**Task item**
Apart from the pictures, the listing is to be returned exactly.

**Given material**
-=-=-=-=-
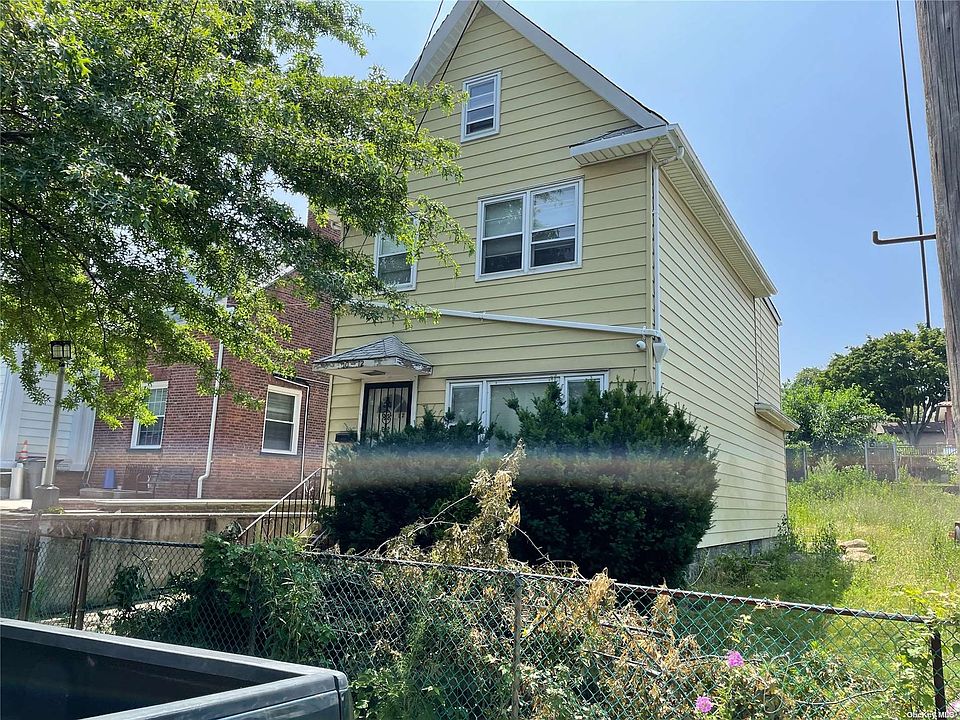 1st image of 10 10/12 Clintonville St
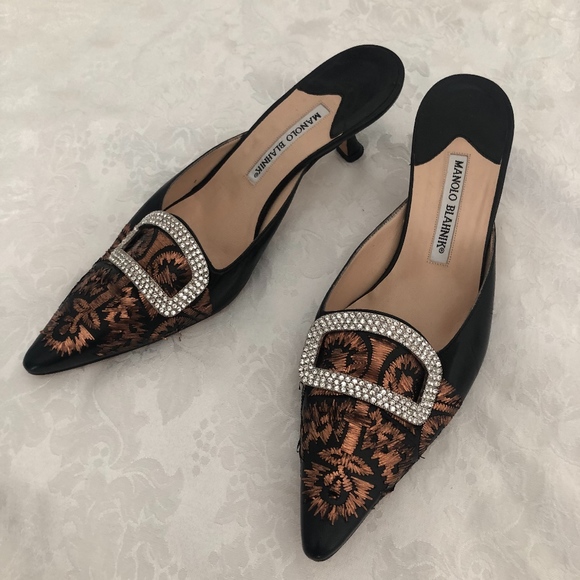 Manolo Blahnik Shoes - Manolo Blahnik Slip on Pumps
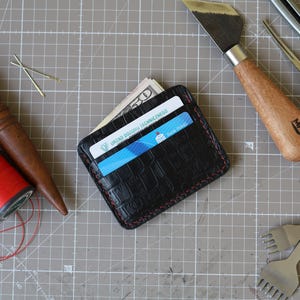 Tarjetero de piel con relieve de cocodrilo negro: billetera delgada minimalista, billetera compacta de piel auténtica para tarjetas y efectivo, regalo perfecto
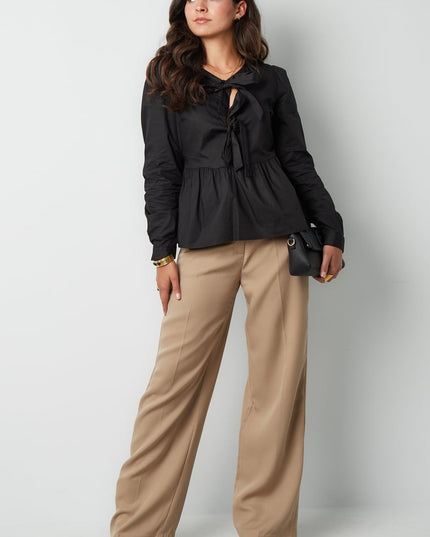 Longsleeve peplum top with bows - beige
-=-=-=-=-
**Answer below**
 1st image of 10 10/12 Clintonville St
 Manolo Blahnik Shoes - Manolo Blahnik Slip on Pumps
 Tarjetero de piel con relieve de cocodrilo negro: billetera delgada minimalista, billetera compacta de piel auténtica para tarjetas y efectivo, regalo perfecto
 Longsleeve peplum top with bows - beige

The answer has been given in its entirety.